General information
- Location: Horozhanka, Chortkiv Raion, Ternopil Oblast
- Country: Ukraine
- Coordinates: 49°09′00.0″N 24°55′00.3″E﻿ / ﻿49.150000°N 24.916750°E

= Horozhanka Castle =

Castle in Horozhanka, Ternopil Oblast, Ukraine

Horozhanka Castle (Горожанківський замок) is a defensive castle built in Horozhanka, Ternopil Oblast, Ukraine. Built in the 16th century by the Makowiecki family of Pomian coat of arms.

==Location, history==
The stronghold was located on the western bank of the Horozhanka River, which is a tributary of the Dniester. The castle was destroyed during many wars and invasions, after which it was always put up again.

==Architecture==
Coarsely hewn stone was used to build the castle.

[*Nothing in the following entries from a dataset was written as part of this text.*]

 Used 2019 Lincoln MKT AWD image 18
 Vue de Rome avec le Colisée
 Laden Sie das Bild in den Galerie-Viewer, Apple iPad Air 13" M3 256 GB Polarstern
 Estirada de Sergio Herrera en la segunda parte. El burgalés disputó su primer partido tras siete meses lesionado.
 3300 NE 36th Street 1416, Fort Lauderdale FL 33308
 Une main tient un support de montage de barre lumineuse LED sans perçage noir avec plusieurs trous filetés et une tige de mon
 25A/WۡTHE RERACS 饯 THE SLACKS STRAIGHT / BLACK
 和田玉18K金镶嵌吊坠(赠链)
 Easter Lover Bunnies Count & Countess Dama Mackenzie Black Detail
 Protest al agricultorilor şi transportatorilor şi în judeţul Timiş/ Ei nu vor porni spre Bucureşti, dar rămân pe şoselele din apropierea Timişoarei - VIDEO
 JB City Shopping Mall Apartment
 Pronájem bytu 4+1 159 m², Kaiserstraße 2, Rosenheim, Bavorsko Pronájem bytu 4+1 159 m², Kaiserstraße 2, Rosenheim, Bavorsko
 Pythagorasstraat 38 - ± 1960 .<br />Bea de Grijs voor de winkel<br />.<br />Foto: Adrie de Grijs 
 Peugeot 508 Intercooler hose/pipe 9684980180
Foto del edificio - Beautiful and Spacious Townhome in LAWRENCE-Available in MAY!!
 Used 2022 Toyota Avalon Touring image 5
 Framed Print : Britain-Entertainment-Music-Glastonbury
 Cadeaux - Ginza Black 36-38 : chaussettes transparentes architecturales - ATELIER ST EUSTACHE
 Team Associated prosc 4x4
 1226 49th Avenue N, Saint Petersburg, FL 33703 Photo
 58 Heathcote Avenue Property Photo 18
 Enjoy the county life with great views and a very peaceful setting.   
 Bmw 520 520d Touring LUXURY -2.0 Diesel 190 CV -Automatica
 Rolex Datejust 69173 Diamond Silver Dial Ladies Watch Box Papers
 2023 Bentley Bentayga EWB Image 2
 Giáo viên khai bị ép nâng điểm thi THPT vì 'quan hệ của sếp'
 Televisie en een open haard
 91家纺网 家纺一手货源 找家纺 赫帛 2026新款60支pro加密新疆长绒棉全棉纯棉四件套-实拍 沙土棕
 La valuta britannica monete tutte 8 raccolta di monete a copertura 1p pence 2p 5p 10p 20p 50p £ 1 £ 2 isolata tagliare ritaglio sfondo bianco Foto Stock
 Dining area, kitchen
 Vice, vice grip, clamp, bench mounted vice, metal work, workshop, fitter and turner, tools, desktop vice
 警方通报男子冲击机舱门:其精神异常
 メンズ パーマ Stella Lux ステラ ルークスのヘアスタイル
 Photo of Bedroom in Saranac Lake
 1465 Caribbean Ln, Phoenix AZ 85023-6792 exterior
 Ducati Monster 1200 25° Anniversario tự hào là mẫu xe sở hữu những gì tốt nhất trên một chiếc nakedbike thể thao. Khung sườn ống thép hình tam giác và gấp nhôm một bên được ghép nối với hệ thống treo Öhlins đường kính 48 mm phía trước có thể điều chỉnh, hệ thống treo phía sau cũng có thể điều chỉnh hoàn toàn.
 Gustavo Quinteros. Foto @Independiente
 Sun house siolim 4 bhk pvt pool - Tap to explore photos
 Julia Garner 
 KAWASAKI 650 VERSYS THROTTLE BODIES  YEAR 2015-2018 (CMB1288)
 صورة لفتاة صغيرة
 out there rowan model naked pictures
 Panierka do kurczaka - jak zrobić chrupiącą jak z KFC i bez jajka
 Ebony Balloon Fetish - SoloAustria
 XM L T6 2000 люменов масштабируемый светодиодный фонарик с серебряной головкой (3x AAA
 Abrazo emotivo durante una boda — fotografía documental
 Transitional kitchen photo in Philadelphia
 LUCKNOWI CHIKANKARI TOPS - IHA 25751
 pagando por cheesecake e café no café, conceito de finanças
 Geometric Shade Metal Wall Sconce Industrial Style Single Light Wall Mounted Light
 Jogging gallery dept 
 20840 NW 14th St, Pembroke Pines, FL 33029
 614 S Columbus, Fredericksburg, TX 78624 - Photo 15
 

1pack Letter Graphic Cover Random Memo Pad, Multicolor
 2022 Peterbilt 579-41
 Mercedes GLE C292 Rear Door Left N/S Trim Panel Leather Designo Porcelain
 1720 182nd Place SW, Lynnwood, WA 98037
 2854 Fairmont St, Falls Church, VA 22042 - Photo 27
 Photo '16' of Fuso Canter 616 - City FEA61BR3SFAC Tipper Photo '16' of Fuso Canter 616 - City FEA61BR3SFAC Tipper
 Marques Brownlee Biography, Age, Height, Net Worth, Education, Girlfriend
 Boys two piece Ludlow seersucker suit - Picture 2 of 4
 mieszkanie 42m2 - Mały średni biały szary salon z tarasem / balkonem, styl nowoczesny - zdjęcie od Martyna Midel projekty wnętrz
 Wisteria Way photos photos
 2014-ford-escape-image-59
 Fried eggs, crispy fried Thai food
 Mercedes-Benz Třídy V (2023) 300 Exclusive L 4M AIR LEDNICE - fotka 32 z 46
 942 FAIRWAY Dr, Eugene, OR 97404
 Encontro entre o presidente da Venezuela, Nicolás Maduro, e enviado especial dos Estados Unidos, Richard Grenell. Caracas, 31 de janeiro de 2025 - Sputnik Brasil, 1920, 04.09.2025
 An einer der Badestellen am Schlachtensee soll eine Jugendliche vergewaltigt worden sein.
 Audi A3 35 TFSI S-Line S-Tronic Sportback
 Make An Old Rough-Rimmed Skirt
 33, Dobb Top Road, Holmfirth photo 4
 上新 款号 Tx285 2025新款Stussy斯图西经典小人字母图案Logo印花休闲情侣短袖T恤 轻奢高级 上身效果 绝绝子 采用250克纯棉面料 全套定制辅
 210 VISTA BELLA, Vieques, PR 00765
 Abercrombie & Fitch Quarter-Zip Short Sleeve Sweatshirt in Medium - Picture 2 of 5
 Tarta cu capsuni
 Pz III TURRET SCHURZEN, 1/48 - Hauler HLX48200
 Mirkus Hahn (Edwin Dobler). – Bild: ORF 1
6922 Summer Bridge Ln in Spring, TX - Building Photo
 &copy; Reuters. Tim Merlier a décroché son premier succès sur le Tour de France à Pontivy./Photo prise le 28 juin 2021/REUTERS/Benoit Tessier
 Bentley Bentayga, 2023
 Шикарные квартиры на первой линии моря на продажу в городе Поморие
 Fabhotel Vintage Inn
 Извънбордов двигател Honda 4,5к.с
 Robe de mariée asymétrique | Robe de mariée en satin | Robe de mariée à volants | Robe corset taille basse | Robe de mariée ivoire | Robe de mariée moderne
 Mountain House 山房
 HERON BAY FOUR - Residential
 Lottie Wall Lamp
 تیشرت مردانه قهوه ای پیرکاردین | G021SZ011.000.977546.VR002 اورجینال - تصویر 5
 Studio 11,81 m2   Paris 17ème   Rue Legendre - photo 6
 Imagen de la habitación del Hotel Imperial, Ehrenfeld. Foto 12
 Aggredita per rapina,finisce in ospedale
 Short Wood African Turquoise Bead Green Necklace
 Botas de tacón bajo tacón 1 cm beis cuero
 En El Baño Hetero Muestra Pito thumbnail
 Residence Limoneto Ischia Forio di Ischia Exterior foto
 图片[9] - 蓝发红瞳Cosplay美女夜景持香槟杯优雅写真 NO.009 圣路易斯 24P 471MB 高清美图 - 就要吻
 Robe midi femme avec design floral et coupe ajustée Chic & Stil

The stronghold, built on a rectangular plan, consisted of a residential building with towers at the corners, which was surrounded by a sizable rampart and moat. The building was accessed by a hallway passing into a corridor. From the corridor one could access a couple of rooms. The entrance to the castle led over a drawbridge. Under the residential building there were cellars with an escape tunnel to the forest 5 km long. In subsequent years, the entrance to the tunnel was walled up. In the 19th century, the medieval drawbridge was dismantled, the earthen ramparts were leveled and the moats were filled in.

==Court==
Over the centuries, the fortress turned into a ruin, on the remains of which a mansion was built. A second storey made of brick and wood was added to the old storey made of hewn stone. The remnants of the towers were converted into bastion rooms and the whole was covered with a hipped roof. The first floor of the centuries-old castle and the Gothic cellars became the decoration of the newly built mansion. At the beginning of the 19th century, the estate belonged to the Chojecki family, and then to Stanisław Malinowski from 1850, of the Ślepowron coat of arms, who had three daughters. Horozhanka fell to Joanna, who married Ignacy Romanowski h. Bożawola. In 1912 the estate was inherited by her son, Aleksander Romanowski, who died in Tehran in 1942.

==Bibliography==
- Roman Aftanazy, Dzieje rezydencji na dawnych kresach Rzeczypospolitej. Województwo ruskie, Ziemia Halicka i Lwowska, T. 7, wyd. 2 przejrzane i uzupełnione, Zakład Narodowy im. Ossolińskich, Wrocław, Warszawa, 1995, ISBN 83-04-03701-7 całość, ISBN 83-04-04229-0 t. 7, ss. 74–76.